Et pourtant… cette région d’une grande beauté mais dont tous les paramètres indiquent qu’elle devrait être inhospitalière pour la culture de la vigne produit les plus grands sémillons australiens qui ne titrent pas plus de 10,5-11,5 o d’alcool, des chardonnays de grande classe, (en particulier chez Tyrell) et des shiraz dont la typicité est très différente de celle des autres régions viticoles en particulier de la Barossa. On les a souvent décrits comme ayant des arômes et des saveurs de selles de cuir suintant à une époque où beaucoup de journalistes ignoraient les caractéristiques organoleptiques des contaminations aux Brettanomyces mais il est vrai que les personnages de la trempe des Len Evans, Tyrrels et O’Shea savaient alimenter les histoires les plus farfelues avec faconde.

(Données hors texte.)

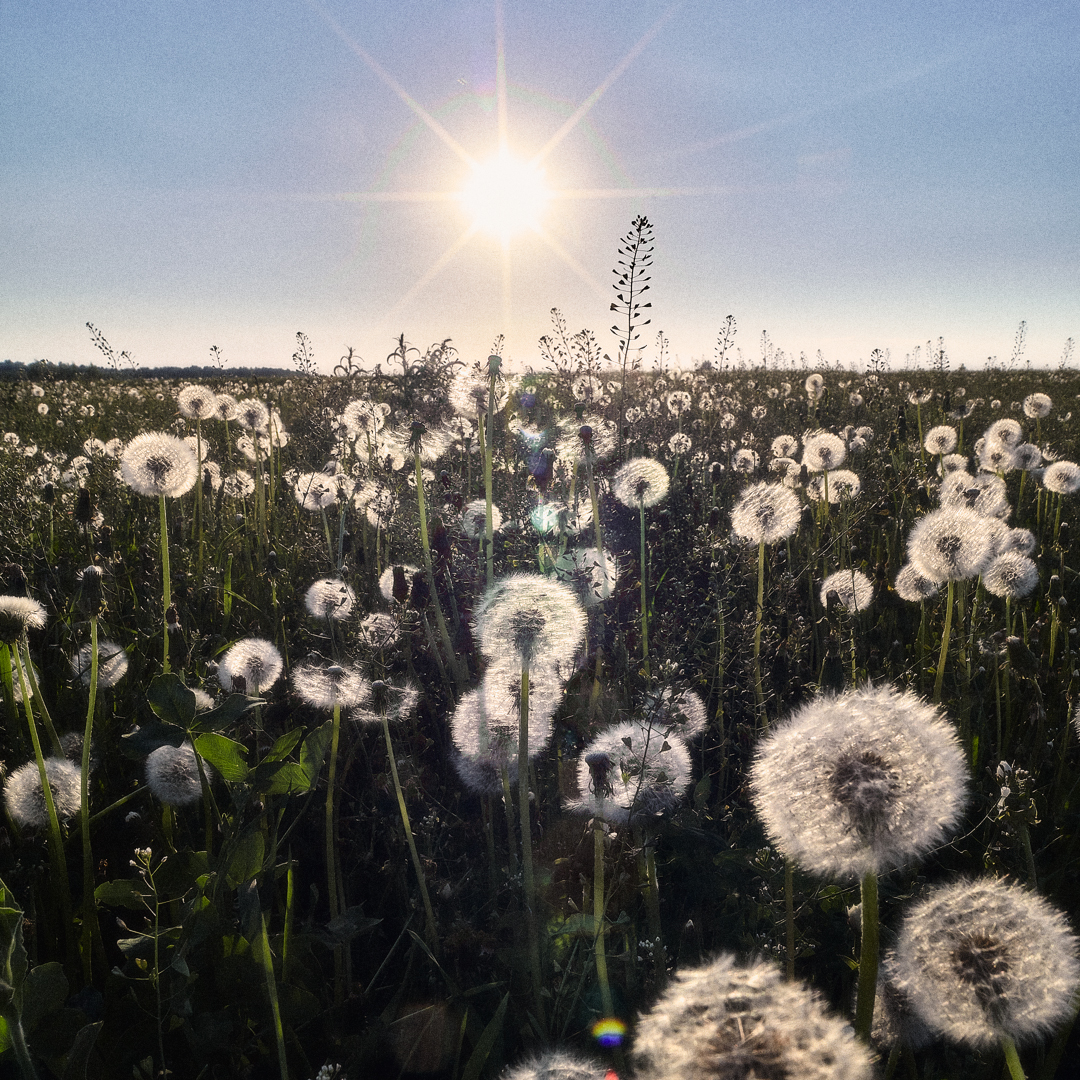 Dandelions | Одуванчики
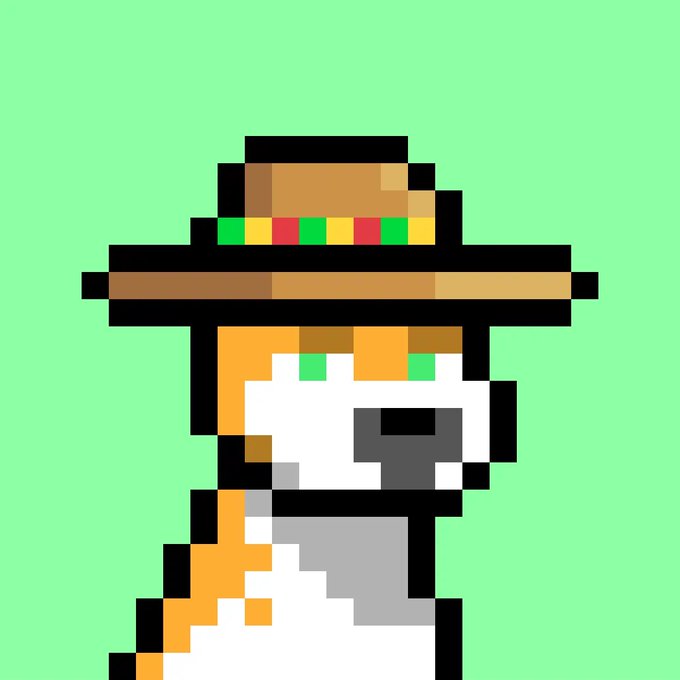 Pixel art of a character wearing an orange and black sombrero and poncho, resembling a stylized orange and white cat or dog, on a light green background.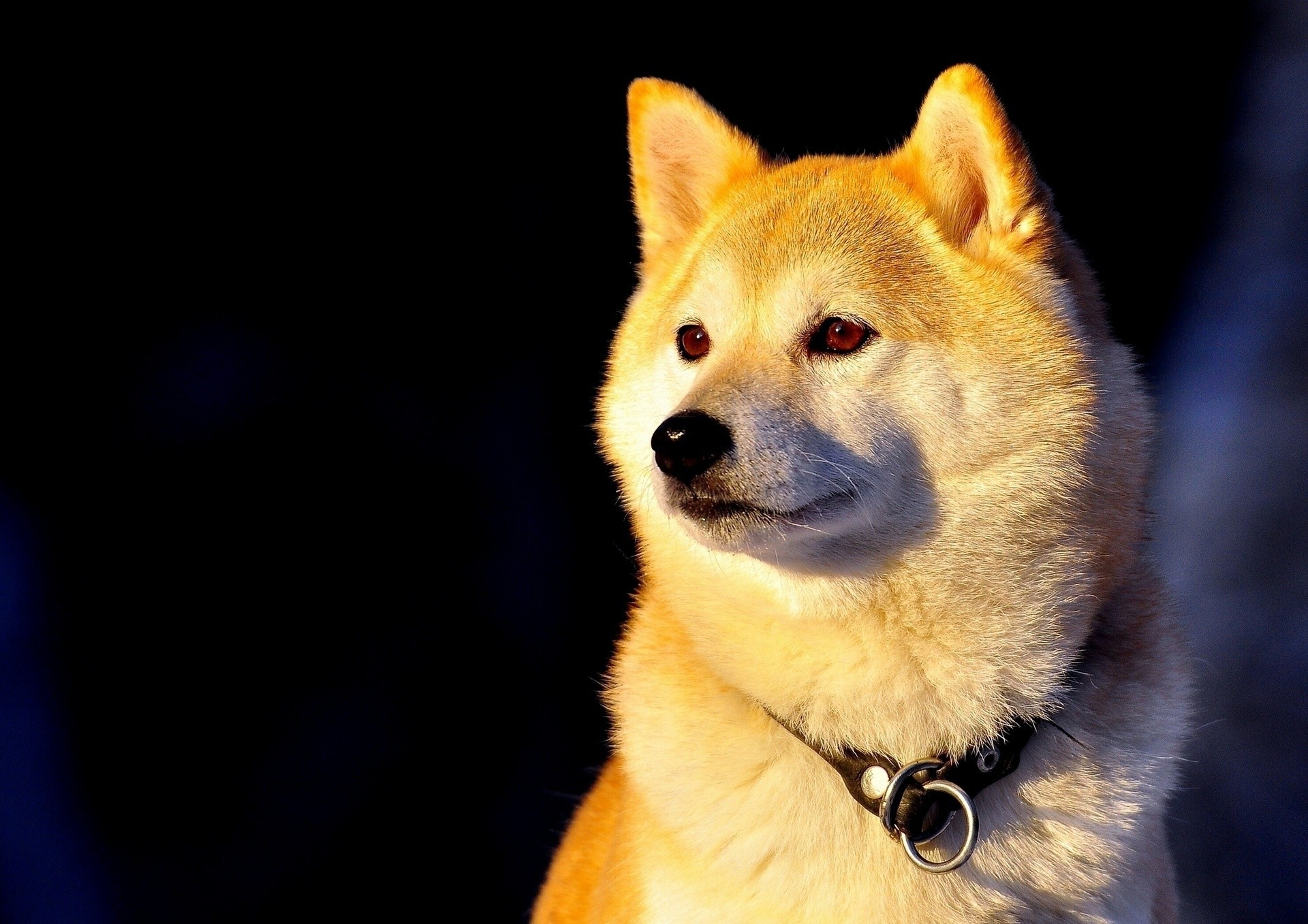 perro collar shiba inu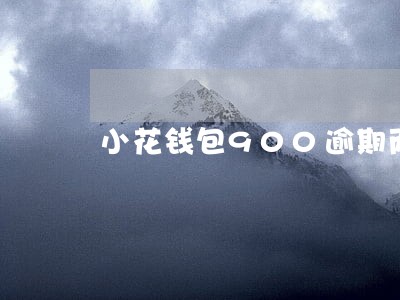 小花钱包900逾期两天 小花钱包900逾期两天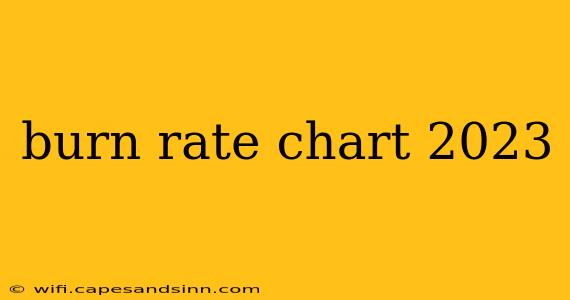 burn rate chart 2023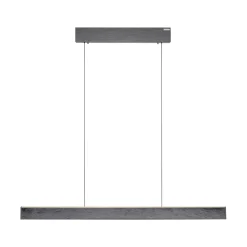 Pendelleuchte, Pure E-Motion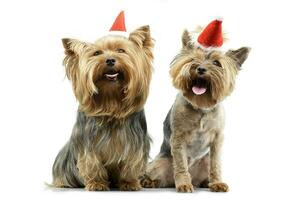 Two adorable Yorkshire Terrier wearing red, funny hats photo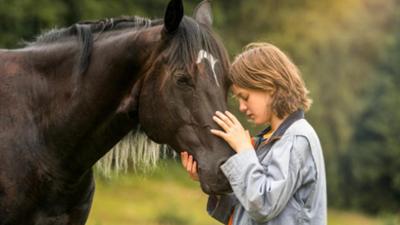 Filme: Ostwind 4 - Aris Ankunft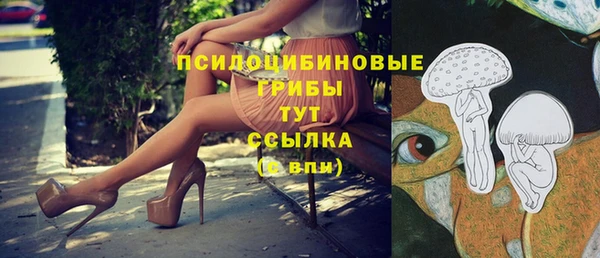 apvp Кинешма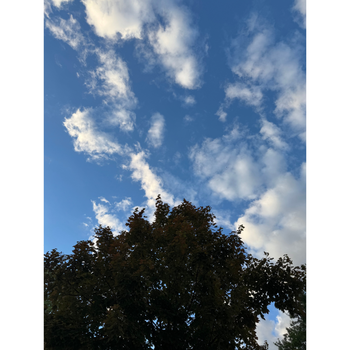 One
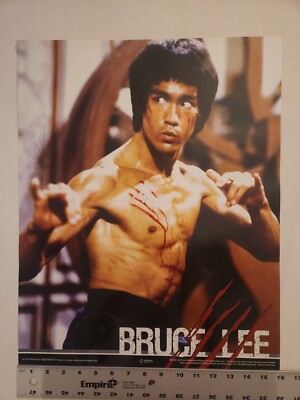 ブレスリーポスター Bruce Lee - 16x20 Mini Movie Poster | eBay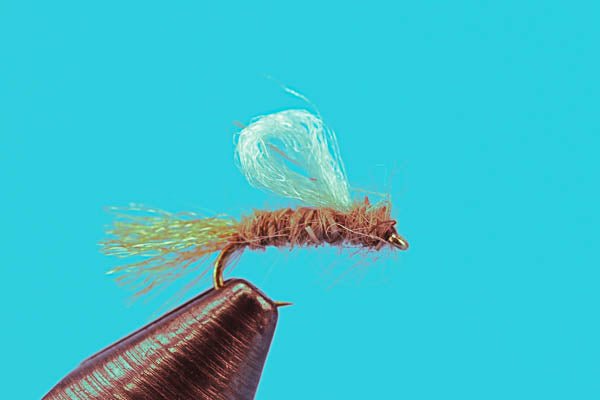 Iris Caddis - Hazy Fly Fishing
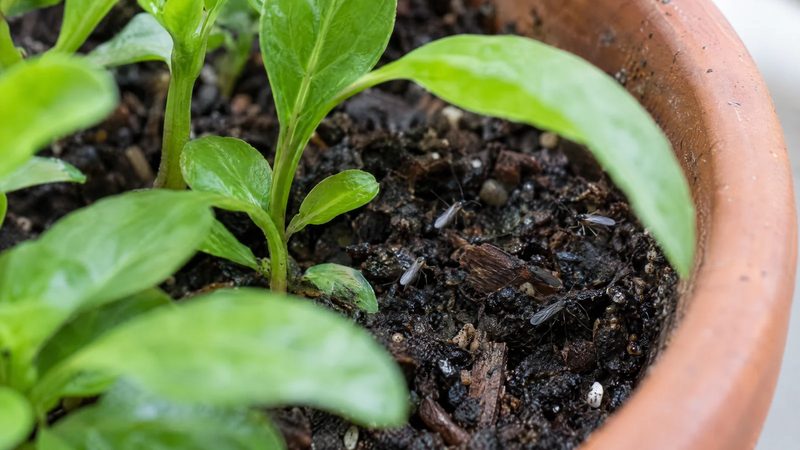 A few small dark fungus gnats resting on moist potting mix beside healthy seedlings.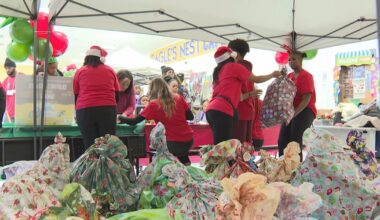 Former Falcons star Harry Douglas gives back to kids in his community with annual festival – WSB-TV Channel 2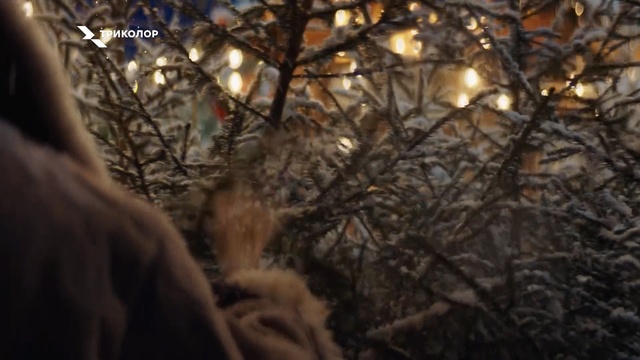 Video Reference: Branch, Nature, Tree, Twig, Light, Sunlight, Natural environment, Lighting, Leaf, Sky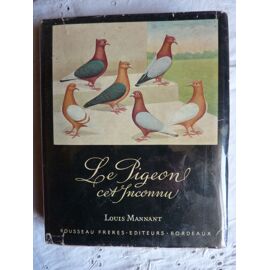 Le Pigeon, Cet Inconnu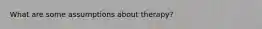 What are some assumptions about therapy?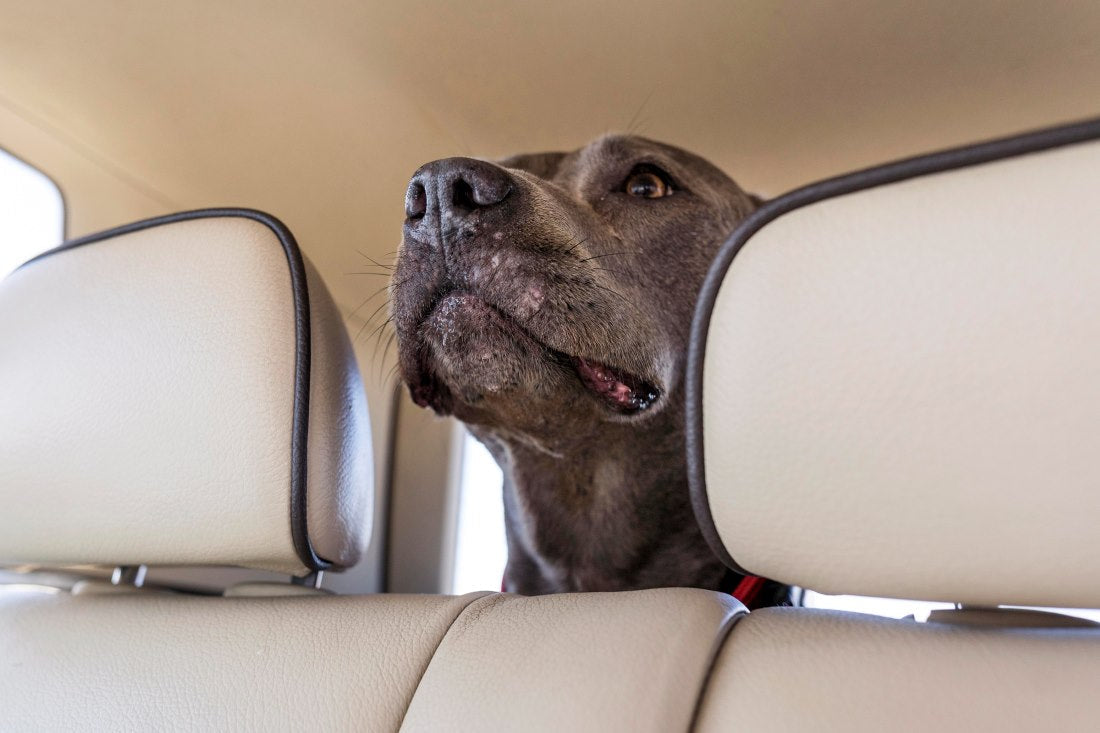 car-travel-with-dogs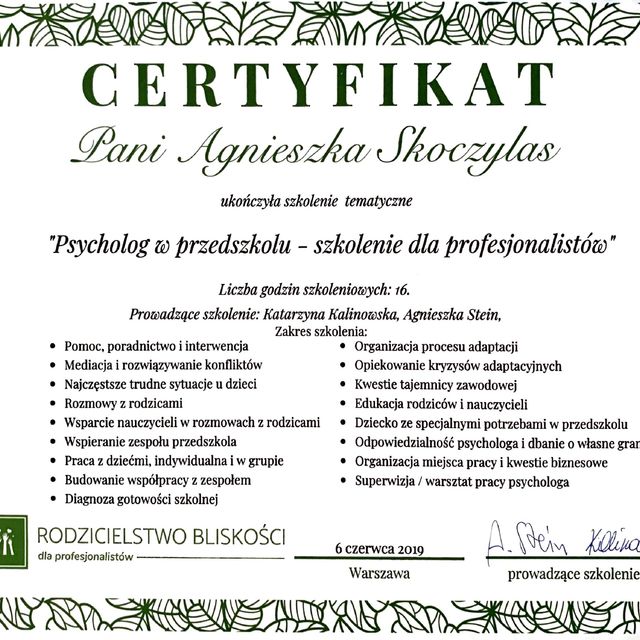 Powiększ obraz: certificate 5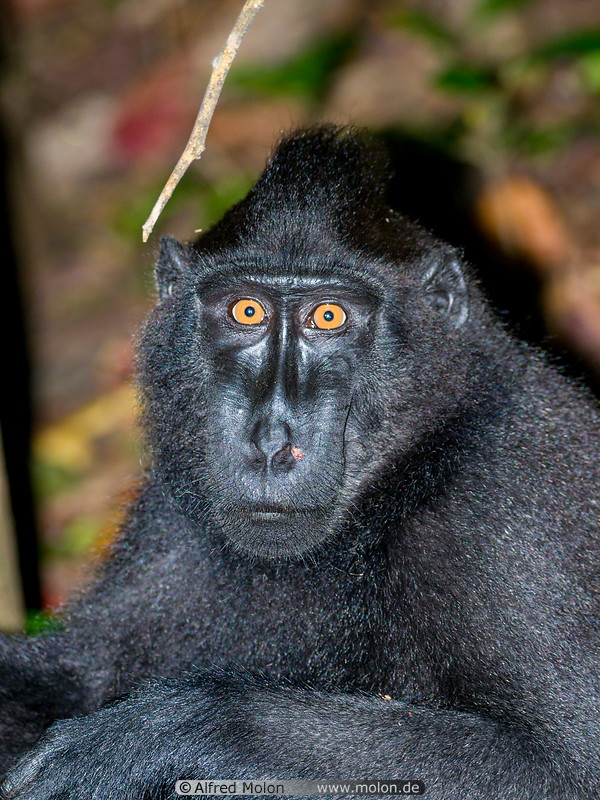 20 Celebes crested macaque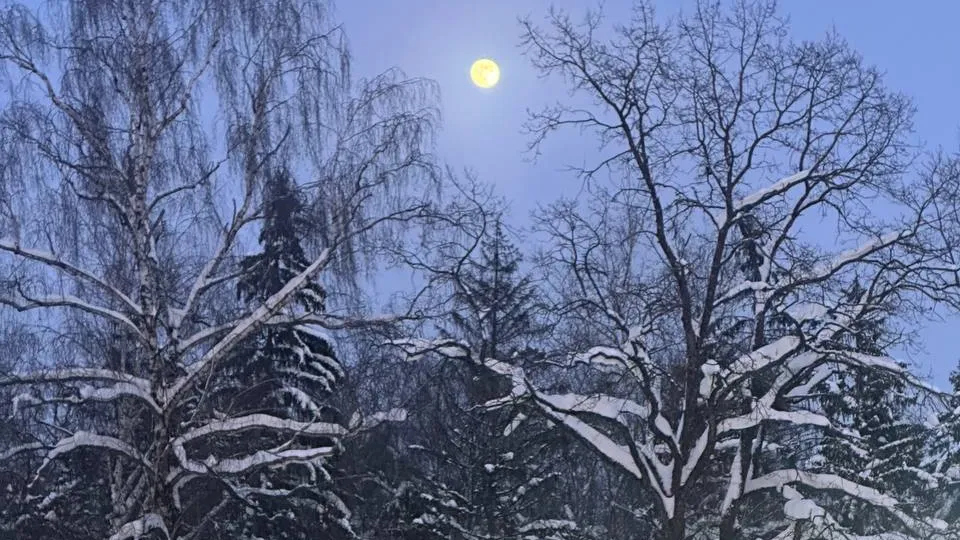 REGIONS/Виктория Джамалова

Alors comment peut-on expliquer le paradoxe de cette région dont les températures peuvent atteindre 45 o C ( température où la vigne cesse de fonctionner) et qui est constamment balayée par la pluie pendant la période de maturation des raisins et pendant les vendanges? La réponse est contenue dans la question. C’est justement la pluie qui permet à la vigne d’être suffisamment rafraîchie pour permettre à la photo-synthèse de continuer à s’effectuer. Si l’on ajoute à cela que les sémillons sont plantés sur des terroirs sableux à fort drainage et qu’ils sont souvent récoltés avant les grosses pluies qui sévissent habituellement pendant les vendanges, on a des vins d’une grande fraîcheur, presque cisterciens en début de vie et qui ne sont mis en général sur le marché que 5 ans après la mise en bouteille et qui pour les meilleurs possèdent un potentiel de garde de 30 ans ou plus. Les Chardonnays sont bien typés et dépassent rarement les 13.5 o d’alcool comme les Shiraz qui ont des caractéristiques de fruit moins explosifs que ceux des régions chaudes. ils sont plus minéraux, avec des tannins un peu poudreux, des boisés bien maîtrisés.
Une région remarquable en tout point.